Also on the program was a pan-Asian novelty, a concerto by Korean composer Unsuk Chin for sheng and orchestra. Originating in China at least 14 to 16 centuries ago, the sheng is a wind instrument of vertical pipes that offers an incredible variety of sounds, some bearing an uncanny resemblance to those of present-day orchestral instruments. Sheng player Wei Wu and the orchestra gave what seemed an accomplished performance of Chin’s lovely score, and the soloist followed it with a virtuosic encore that explored even more fully the sheng’s vast range of sonic possibilities.
The National Symphony Orchestra of China appeared under the baton of veteran French conductor Michel Plasson and delivered crisp, fast-paced readings of Ludwig van Beethoven’s Symphony No. 7 (at a proper allegretto, as marked, not the slower andante unfortunately favored by most conductors) and Camille Saint-Saens’ Symphony No. 3. Both performances were reminiscent of those I recall by one of Plasson’s mentors, the great Alsatian conductor Charles Munch.
Chinese music led off the concert in the form of a section from Guan Xia’s “Requiem for the Earth,” a solemn and moving tribute to the thousands who lost their lives in the Sichuan earthquake of May 2008.
Beethoven’s massive “Choral Symphony,” No. 9, seemed a risky choice for the Symphony Orchestra of India, founded just four years ago on private initiative and India’s first-ever full-scale orchestral ensemble. But the performance it gave at the festival’s final concert was absolutely first-rate, marked by precise playing, full-bodied sound and superb pacing from Russian conductor Alexander Anisimov.
The orchestra, which included quite a few musicians of non-Indian origin, was joined in the last movement of the Beethoven by a chorus that combined a modest-sized group of singers from India with Moscow’s own excellent Sveshnikov Russian Choir and by a quartet of accomplished soloists from the Bolshoi and Mariinsky theaters, notably, the Bolshoi’s Pyotr Migunov, who delivered the lengthy bass solo in splendid voice and authentic-sounding German.
The festival opened with an appearance by the State Symphony Orchestra of Tatarstan, led by Lithuanian maestro Guntaras Rinkevicius, substituting for the orchestra’s gravely ill artistic director, 82-year-old Fuat Mansurov. (Mansurov, who appeared in the audience to a standing ovation, passed away on June 12; his funeral took place on Friday at the Bolshoi, where he regularly conducted for nearly four decades.)

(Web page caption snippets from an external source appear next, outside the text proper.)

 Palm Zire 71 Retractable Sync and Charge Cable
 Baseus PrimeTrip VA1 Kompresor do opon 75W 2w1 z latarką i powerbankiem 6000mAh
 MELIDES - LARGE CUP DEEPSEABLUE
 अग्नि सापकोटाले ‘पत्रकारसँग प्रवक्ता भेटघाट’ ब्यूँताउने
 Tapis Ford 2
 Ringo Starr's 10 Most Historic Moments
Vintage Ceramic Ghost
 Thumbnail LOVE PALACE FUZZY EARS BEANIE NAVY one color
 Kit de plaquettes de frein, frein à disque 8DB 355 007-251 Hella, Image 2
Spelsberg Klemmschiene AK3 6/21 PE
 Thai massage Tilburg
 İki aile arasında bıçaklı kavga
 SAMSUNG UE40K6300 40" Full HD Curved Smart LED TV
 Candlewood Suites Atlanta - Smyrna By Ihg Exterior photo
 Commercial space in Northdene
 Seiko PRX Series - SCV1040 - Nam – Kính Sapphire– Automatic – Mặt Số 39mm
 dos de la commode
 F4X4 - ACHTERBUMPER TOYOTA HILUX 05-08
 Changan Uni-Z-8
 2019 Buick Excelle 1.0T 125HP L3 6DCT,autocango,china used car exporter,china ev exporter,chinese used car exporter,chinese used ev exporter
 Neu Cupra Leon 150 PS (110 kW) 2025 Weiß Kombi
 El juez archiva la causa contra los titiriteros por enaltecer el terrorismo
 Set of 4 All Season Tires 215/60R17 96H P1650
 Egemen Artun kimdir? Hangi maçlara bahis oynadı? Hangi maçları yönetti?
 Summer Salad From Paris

Under Rinkevicius’ baton, the orchestra gave commendable performances of Dmitry Shostakovich’s breezy and relatively brief Symphony No. 9 and an overture by Tatar composer Nazib Zhiganov, but became rather bogged down in the complicated score of Alexander Scriabin’s Symphony No. 2.
The Tchaikovsky Symphony Orchestra, which celebrates its 80th birthday this year, displayed its usual excellence, conductor Alexander Sladkovsky leading it in a bright performance of Nikolai Rimsky-Korsakov’s “Scheherazade” and doing what seemed fair justice to contemporary Russian composer Alexei Rybnikov’s gigantic and intermittently interesting Symphony No. 5, titled “The Resurrection of the Dead.”